アシュラムに入って、アシュラムのプログラムにすっかり慣れてきた頃に、自然ときかなくなった。
生身の先生たちが、わたしを指導してくれているし、わたしはCDの誘導がなくても、自分の観察をできるようになっていた。(んだろうと思う。今振り返れば)

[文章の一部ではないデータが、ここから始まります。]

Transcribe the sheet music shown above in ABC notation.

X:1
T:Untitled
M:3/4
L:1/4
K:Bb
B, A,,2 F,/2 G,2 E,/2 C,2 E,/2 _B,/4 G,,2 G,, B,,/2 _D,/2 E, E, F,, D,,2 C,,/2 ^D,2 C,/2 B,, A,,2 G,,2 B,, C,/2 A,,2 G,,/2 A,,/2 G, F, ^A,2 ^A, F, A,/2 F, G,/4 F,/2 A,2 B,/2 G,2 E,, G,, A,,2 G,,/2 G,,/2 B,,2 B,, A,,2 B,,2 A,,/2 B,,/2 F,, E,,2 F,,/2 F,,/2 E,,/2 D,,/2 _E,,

だから、それからは、ヴィパサナ(観察する)瞑想が基本となった。
ここから先は、いじわるな神様1~ に書いてあるので要らないだろうけど。

アシュラムでの生活で、私は誰よりも「変化」したと思う。
先日まで、あんなに緊張していたのに、別人みたいな顔つきになったねって、みんなに驚かれた。
そして、喜ばれた。
初めてのインドで、【ヨガ】が何かを教えてくれる人に出会って、生き方を変えられるなんて、あぁ、ここまで、神様が導いてくれていたんだと思える瞬間に出会えて、
あなたは、ラッキーだね。
と言われる。

ええ、わたしは、本当に、ラッキーだと思います。
でもそのラッキーは、大学を中退してインドへ行くまでの3年半、欠かすことなく朝晩の瞑想をしてきた基盤があったのも大きい、と今になって思います。
そしてその期間、同じくアサナも人並み以上に(だって、インストラクターだったんだもん。笑)毎日取り組んできたから、体の基盤もできていたのだ。

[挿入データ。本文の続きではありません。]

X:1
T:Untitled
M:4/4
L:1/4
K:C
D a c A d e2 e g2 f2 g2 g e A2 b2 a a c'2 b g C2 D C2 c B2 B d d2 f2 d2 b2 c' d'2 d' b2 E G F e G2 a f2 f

そのベースがあってこその、様々な出会いだったのだ、と思います。

神様に何度も何度も訴えても、魂が泣き叫んでも、一人ぼっちにしか感じられなかった日々も含めて、わたしは、
いつも神様たちがわたしを導いてくれていた
と思います。

この記事で書いた辛い時期の経験こそ、いじわるな神様の最大の祝福だったと思います。

わたしは、他の人が簡単にできる色んなことが、全然できない、という面もあります。

でも、ヨガに関してだけは、「実践してきたよ」と言える自信があります。
・・・今振り返れば、最後の自殺未遂からたった1年後には、社会人サークルを立ち上げて運営に関わっていたんだから、
ほんと、進んでいないと思っていたのは自分だけだったのかもしれない(笑)

誰も助けてくれない。私が、わたしを救い出さなきゃ。
そう思って、確かに私は努力しました。
今の私では、とても当時の私に頭が上がらない。
不安に立ち向かい、勇気を振り絞って、家から出ていた。

毎日、毎日、不安に押しつぶされそうになりながら、
瞑想をして気持ちを少しでも切り替えて、そして勇気を出していた。
実際の行動は小さなものだけれど、そこに注いだエネルギーはどれほどのものであったことか。

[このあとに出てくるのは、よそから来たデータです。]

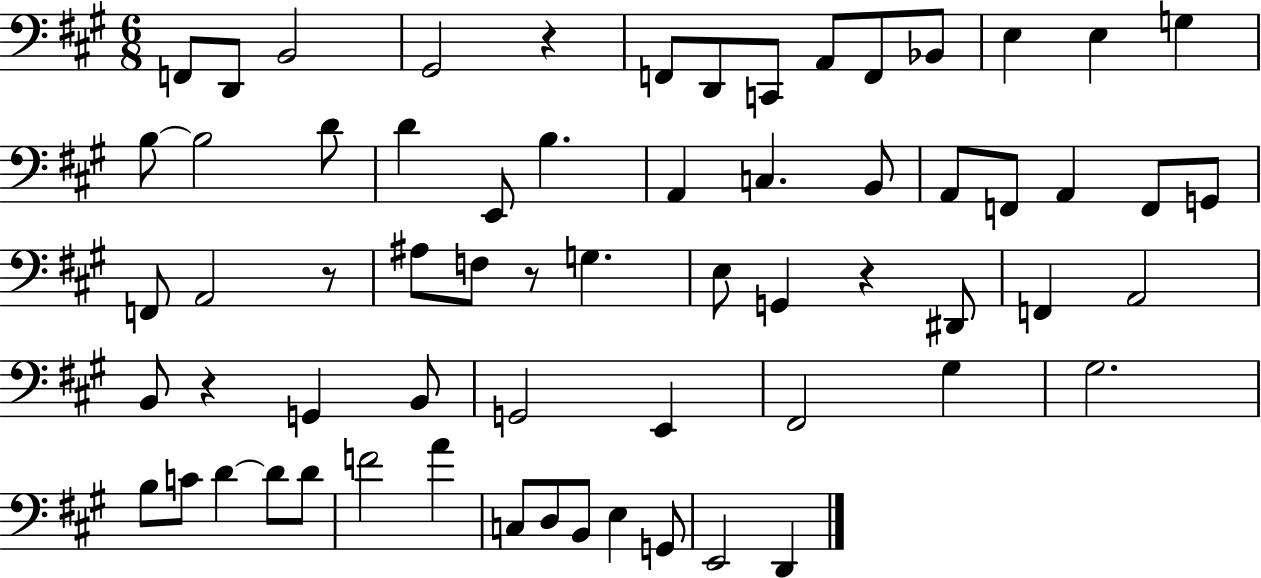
{
  \clef bass
  \numericTimeSignature
  \time 6/8
  \key a \major
  \repeat volta 2 { f,8 d,8 b,2 | gis,2 r4 | f,8 d,8 c,8 a,8 f,8 bes,8 | e4 e4 g4 | \break b8~~ b2 d'8 | d'4 e,8 b4. | a,4 c4. b,8 | a,8 f,8 a,4 f,8 g,8 | \break f,8 a,2 r8 | ais8 f8 r8 g4. | e8 g,4 r4 dis,8 | f,4 a,2 | \break b,8 r4 g,4 b,8 | g,2 e,4 | fis,2 gis4 | gis2. | \break b8 c'8 d'4~~ d'8 d'8 | f'2 a'4 | c8 d8 b,8 e4 g,8 | e,2 d,4 | \break } \bar "|."
}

でも、私が自分の足で立ち上がろうとして、一歩一歩を踏みしめることができたのは、
家族や、友人や、職場で出会った人たちの、支えがあったから。そして、見えない存在の支えも

確かに、わたしは頑張った。

でも、頑張れたのは、いつも、いつだって、たくさんの導きがわたしを守ってくれていたから、だと思います。